I was wondering if it is illegal to take licenced reptiles out for a trip, possibly to a pet store that allows animals etc. I know if you were to display reptiles to the public or for education talks etc you need a another licence for that, but what about just a one time thing or something. Are they allowed to leave the property in which they are kept or is stated on the licence?

I have seen people with a licence for their bird, and is still able to take it out in public as long as it is on a lead. Of course I would have a beardie lead for my bearded dragon (I have one and she has no problem walking with it and wearing it) but I don't want to risk taking her out on my shoulder with her lead on and getting in trouble with DPaw...

I may not do anything just incase something goes wrong, but I am just curious to what the answer is


----------



## Herpetology (May 21, 2019)

For whatever reason reptiles are the only “category” you are legally (u sign to it) only allowed to leave the premise on their license IF it is going to a vet or it is being sold (reptile expo etc)

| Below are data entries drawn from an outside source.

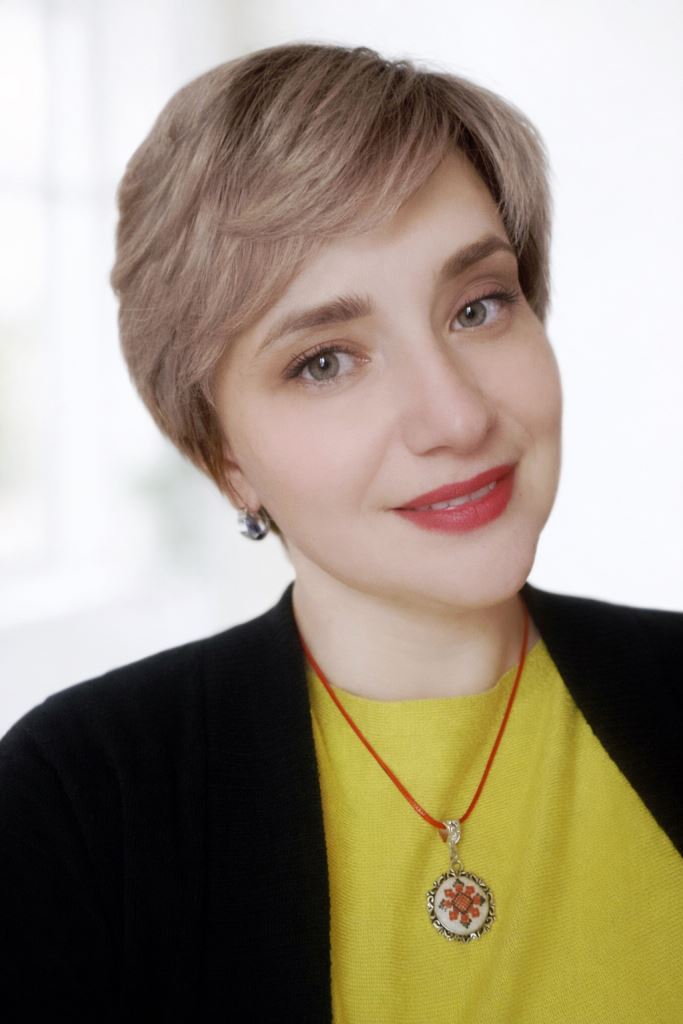 Бондаренко Ольга Вікторівна директор ЗДО ясел садка 744 міста Києва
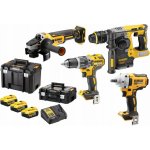 DeWALT DCK428P3T – Hledejceny.cz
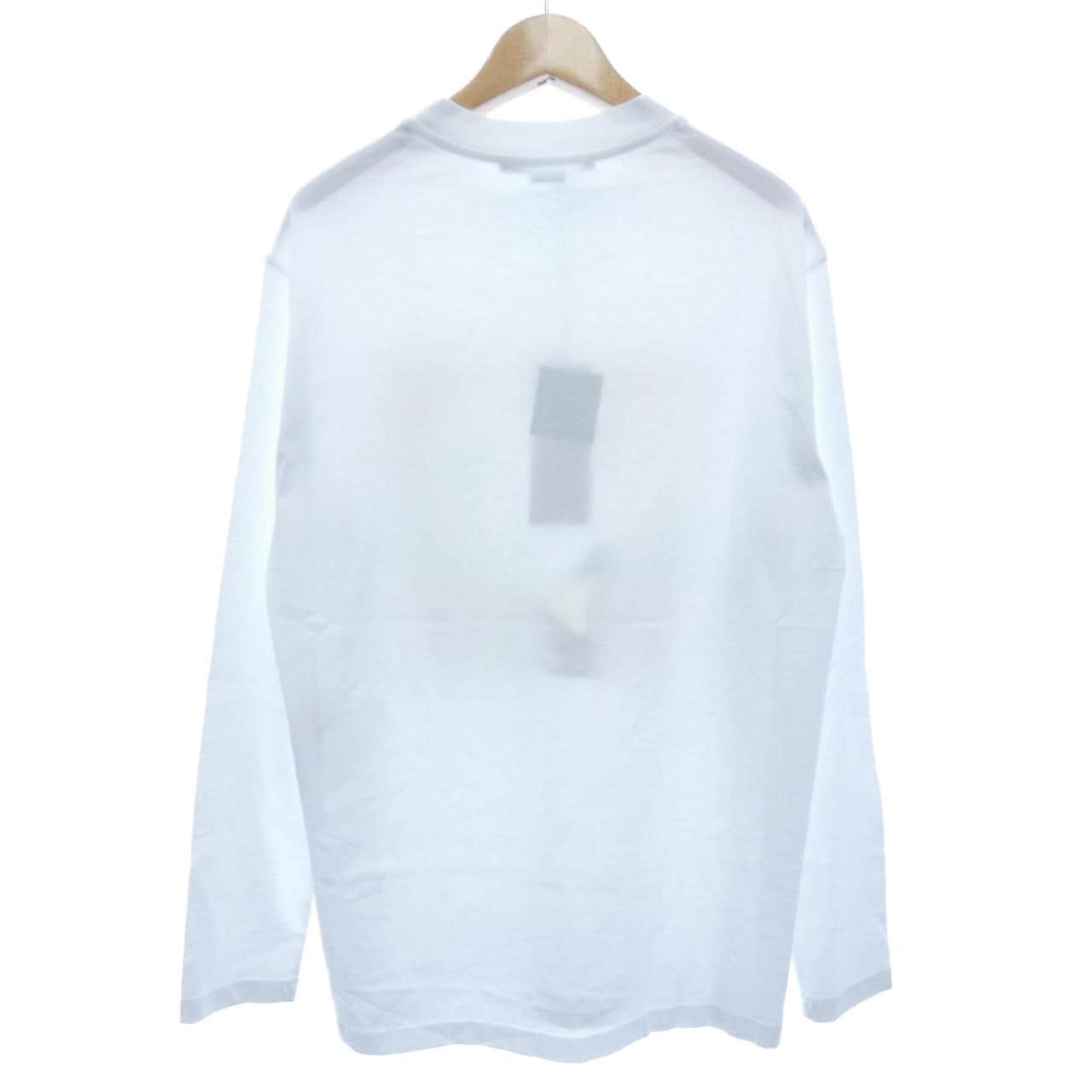 ステラマッカートニー STELLA MCCARTNEY レコードロンティ Tシャツ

As you said, birds and mammals are allowed anywhere provided there’s no signs at said place


----------



## ByBeardie (May 21, 2019)

Yeah, that does make sense. It is a shame, but I do see where they are coming from. 
Thank you for answering my question


----------



## nuttylizardguy (May 21, 2019)

That's my understanding - too , the pet reptile must stay at your home unless travelling a vet or to new owner.

Just because many yanks talk about taking their pet dragons out (to malls, to the petshop, to school, on holidays) doesn't make this good for the pet dragon who will be very stressed and is put at great risk (of injury, being spooked and dashing off and becoming lost).

The dragon will not enjoy the trip, nor will it enjoy the socialization with strangers and strangers' animals. Do it a big favour and leave beardie at home where he's safe and secure and stress free.


----------



## ByBeardie (May 21, 2019)

Yeah, I will leave her be at home were I know she is safe and won't get lost or get stressed


----------